GREENVILLE, Miss. (WJTV) – We lose track of our heroes over time. For instance, the headstone of Holt Collier is located in Greenville. He was born a slave in 1846 and killed his first bear by the time he was 10 years old. The older generations of Greenville knew him well. But by the time we came along, I never heard him mentioned.
Much later when I was doing a story about President Teddy Roosevelt’s 1902 Delta bear hunt, I ran across Holt Collier.
Roosevelt wanted to bag a Delta bear. So, several influential politicians and local dignitaries arranged for the guests and the president to meet on Smeed’s Plantation on a November day in 1902. The land no longer even vaguely resembles the hard wood jungle the Delta was a century ago, especially where the hunt was to take place between the Big and Little Sunflower Rivers in Sharkey County.
Now, Holt Collier was the best hunting guide in the Delta. So, he and some of his friends were hired to clear the way in and set up camp for and find a bear for the president to shoot.
Well, Holt Collier found the bear, but the president had grown impatient and left the hunting stand. So when Collier drove the bear within easy shooting range, there was no one there to shoot it. He lassoed the bear until someone could go get the president.
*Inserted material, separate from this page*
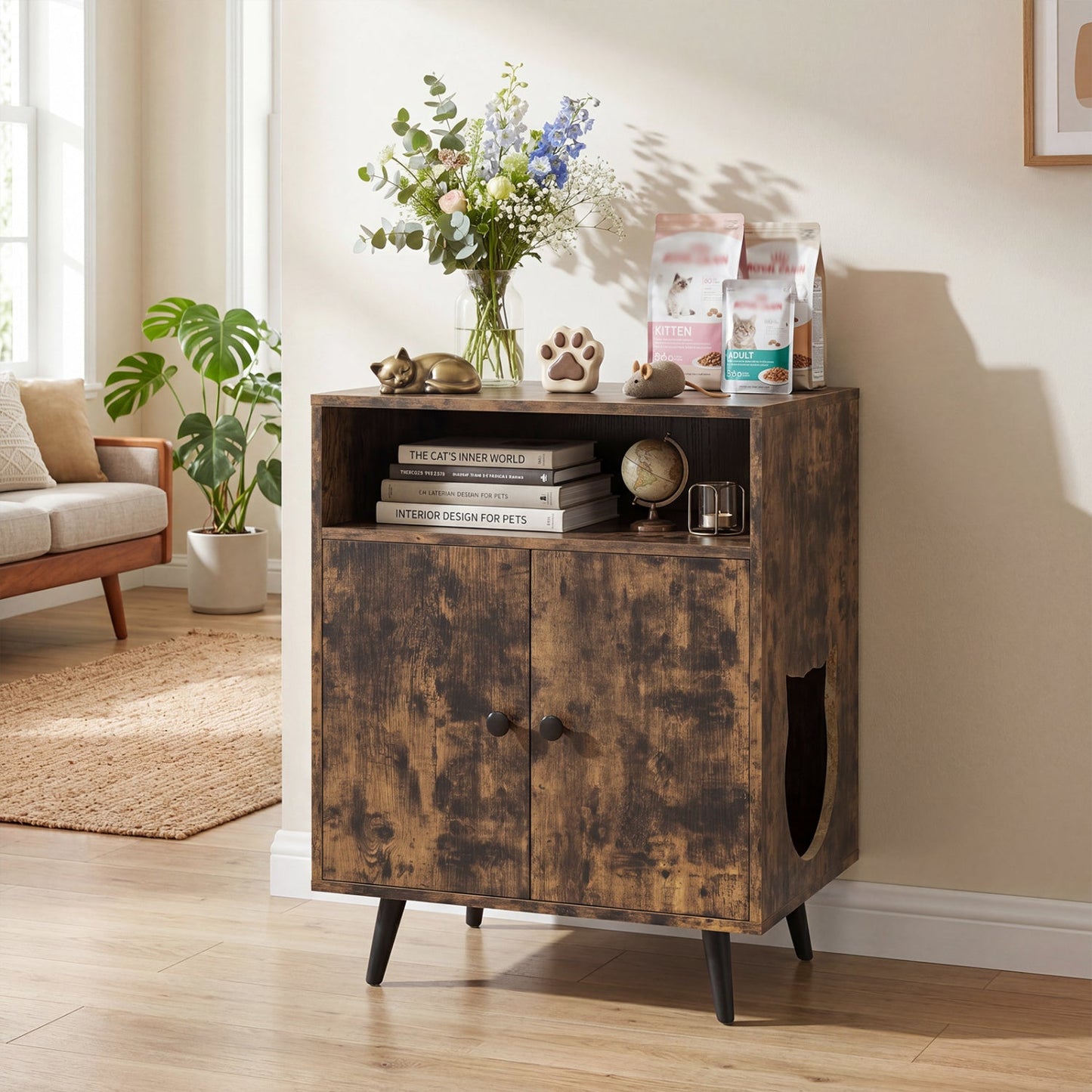 Cat Litter Box Enclosure With Storage Compartment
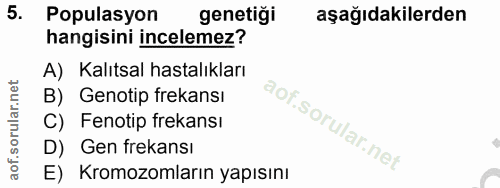 5. soru: Populasyon genetiği aşağıdakilerden hangisini incelemez? A) Kalıtsal hastalıkları B) Genotip frekansı C) Fenotip frek…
And when Roosevelt saw the tied-up bear, he refused to kill it. Cartoonist Clifford Berryman for the Washington Post drew a cartoon of the event and toy-makers started calling their stuffed bears “Teddy Bears.”
Now for a long time, I thought the credit for the “Teddy Bear” was Roosevelt’s for refusing to shoot the bear. But you think about it, the credit really belongs to Holt Collier for lassoing the bear to begin with.
So, thank you, Holt Collier, for making our childhoods better, even if you didn’t know that’s what you were really doing the day you tied up the bear.
Minor Buchanan wrote the definitive book about Holt Collier. It’s a good read about a Delta hero who got lost in time but has come back and hopefully won’t get lost again.